### Task goal
Reproduce the listing exactly, with no pictures in your copy.

### Provided data
● ● ● ●
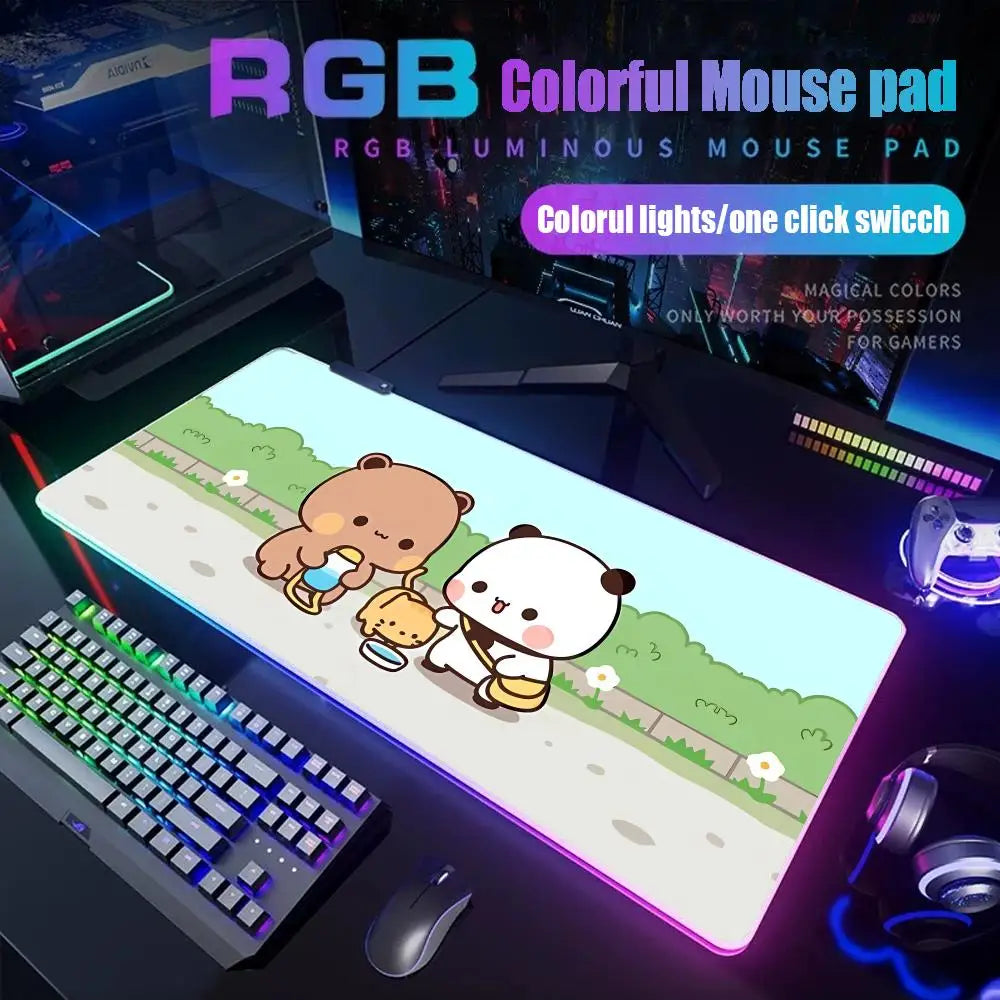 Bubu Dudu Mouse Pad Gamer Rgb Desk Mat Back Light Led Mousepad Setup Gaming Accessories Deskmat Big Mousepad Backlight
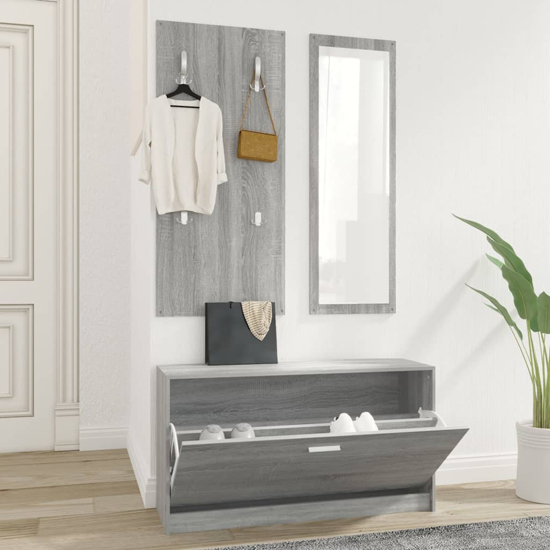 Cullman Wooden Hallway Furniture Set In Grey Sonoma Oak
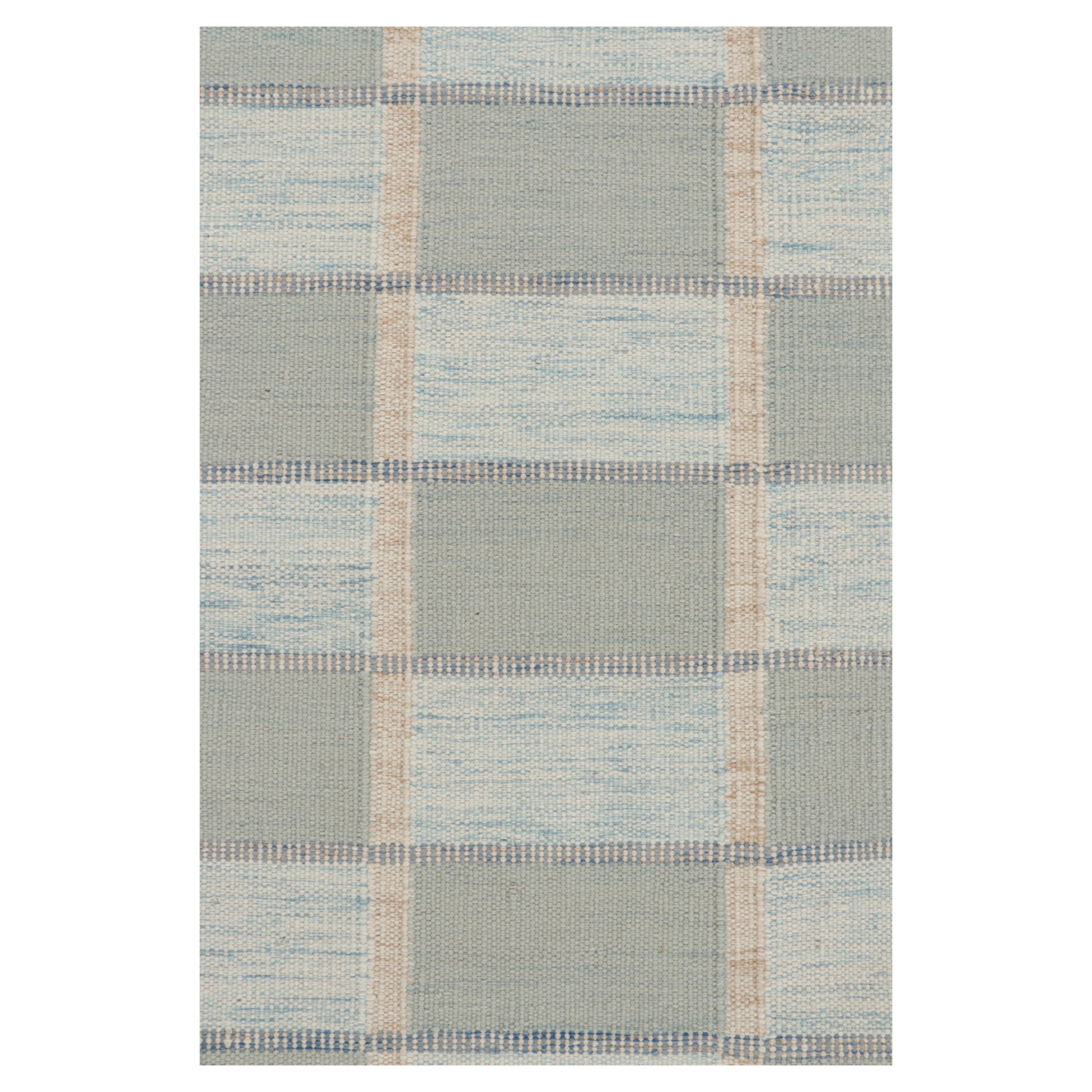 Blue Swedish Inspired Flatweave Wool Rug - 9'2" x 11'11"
● ● ● ●
### Solved exercise
 Bubu Dudu Mouse Pad Gamer Rgb Desk Mat Back Light Led Mousepad Setup Gaming Accessories Deskmat Big Mousepad Backlight
 Cullman Wooden Hallway Furniture Set In Grey Sonoma Oak
 Blue Swedish Inspired Flatweave Wool Rug - 9'2" x 11'11"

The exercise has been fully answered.